The Economic Road Ahead | September 16, 2022

AUTHOR: Jason Roque, MS, CFP®, APMA®, AWMA®
TITLE:       Investment Adviser Rep – CCO
TAGS:   S&P 500, NASDAQ, UK, Rates, PCE

We saw another route last week as economic data strengthened. What does it mean for the road ahead?

Monday   S&P 500 1.06% | NASDAQ 1.27%

Markets opened the week on a positive tone. The gains were led by tech stocks, which were following the lead of Asian and European markets overnight. Much of the rally on the day was based on a falling dollar.

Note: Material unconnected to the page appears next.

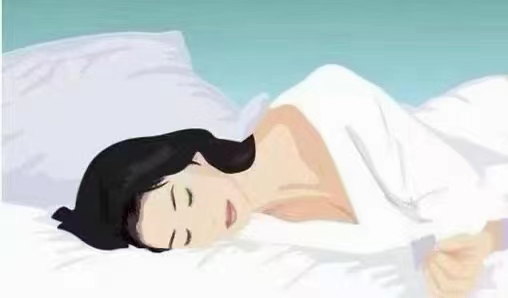 阴道‮的炎‬正确预‮方防‬法‎.jpg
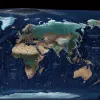 Кто такой Джулиус Малема: радикальный политик из ЮАР, упомянутый в контексте Белого дома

Tuesday   S&P 500 4.32% | NASDAQ 5.16%

Consumer Price Index (CPI) Data was released Tuesday morning and the headline reading fell to 8.3% from 8.5%. The underlying core data strengthened to 6.3% from 5.9%. This was an unexpected move as housing costs (which represent 40% of core CPI) firmed, pushing the number up. The markets sold off dramatically in response to the news. Firming core data would give the Federal Reserve Board (FRB) more reason to be aggressive on rates. This solidified a move of 0.75% and perhaps even 1.0% on September 22nd…

Wednesday   S&P 500 0.30% | NASDAQ 0.70%

Markets ebbed and flowed throughout the day, trying to find direction after Tuesday’s selloff. They ended up closing up with a last 10-minute run up from being 0.5% down.

Thursday   S&P 500 1.13% | NASDAQ 1.43%

Initial jobless claims continued to improve and retail sales advanced more than anticipated. This did not move the markets higher. Stronger retail sales signal more work for the FRB to erode demand. Lower unemployment signals more dollars in consumers pockets to spend. The FRB needs to see higher unemployment in their efforts to contain inflation…

Friday   S&P 500 0.72% | NASDAQ 0.90%

Consumer sentiment is projected to rise to 59.5 for the month of September. While this is good news, it signals the potential of stronger consumer spending which causes further inflation. This factor pushed stocks further into the red for the week.

Conclusion   S&P 500 4.77% | NASDAQ 5.48%

It was a rough week for markets although economically the data was showing strength. We need economic figures to start reflecting rate hikes implemented in order to see a slowdown in the FRB’s path. Looking ahead, this past Friday was a major options expiration date. When options expire, usually gains are to be had the following week as long positions are taken. This may be a short-lived bump, however, given the strong economic data.